Read OSS

State Storage: From StateDB Down to Disk

Advanced

Prerequisites

  • Articles 1-3
  • Understanding of Merkle Patricia Tries
  • Basic key-value database concepts

State Storage: From StateDB Down to Disk

In Part 3 we followed blocks through the execution pipeline and saw how the StateDB holds world state in memory during processing. But memory is volatile — Ethereum's state needs to survive node restarts, and it needs to be verifiable via Merkle proofs. This article traces the full path from the in-memory StateDB down to bytes on disk, revealing a carefully layered storage architecture that balances performance, verifiability, and disk space.

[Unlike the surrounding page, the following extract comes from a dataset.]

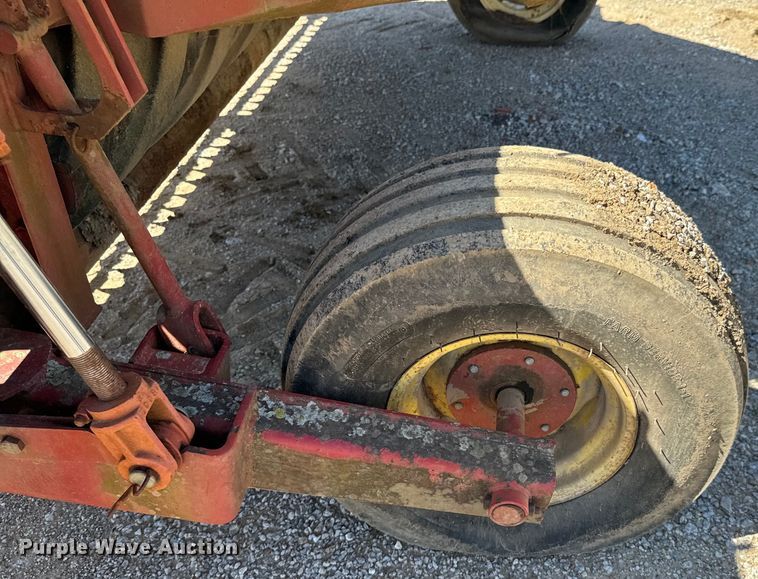 image for item DX0476 New Holland Haybine 489 swather / windrower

The Four-Layer Storage Stack

Geth's state storage is a four-layer stack. Each layer adds a specific concern:

flowchart TD
    subgraph "Layer 1 — Execution Cache"
        SDB["StateDB<br/>In-memory account objects<br/>Journal-based snapshots"]
    end
    subgraph "Layer 2 — Cryptographic Structure"
        MPT["Merkle Patricia Trie<br/>Authenticated data structure<br/>Account trie + storage tries"]
    end
    subgraph "Layer 3 — Trie Node Management"
        TDB["TrieDB<br/>Hash-based scheme (hashdb)<br/>OR Path-based scheme (pathdb)"]
    end
    subgraph "Layer 4 — On-Disk Storage"
        KV["Key-Value Store<br/>(LevelDB or Pebble)"]
        FREEZER["Ancient Freezer<br/>Append-only flat files"]
    end
    SDB --> MPT
    MPT --> TDB
    TDB --> KV
    KV --- FREEZER

Layer 1 (StateDB) is the write-through cache we covered in Part 3 — it holds modified account objects and provides snapshot/revert for transaction execution.

Layer 2 (Trie) is the Merkle Patricia Trie — the cryptographic data structure that Ethereum uses to produce verifiable state roots. Every block header contains a state root hash that commits to the entire world state.

Layer 3 (TrieDB) manages how trie nodes are stored and retrieved. This is where the critical choice between hash-based and path-based storage schemes happens.

Layer 4 (ethdb) is the actual on-disk database — LevelDB or Pebble for active data, plus the "ancient" freezer for historical blocks and receipts.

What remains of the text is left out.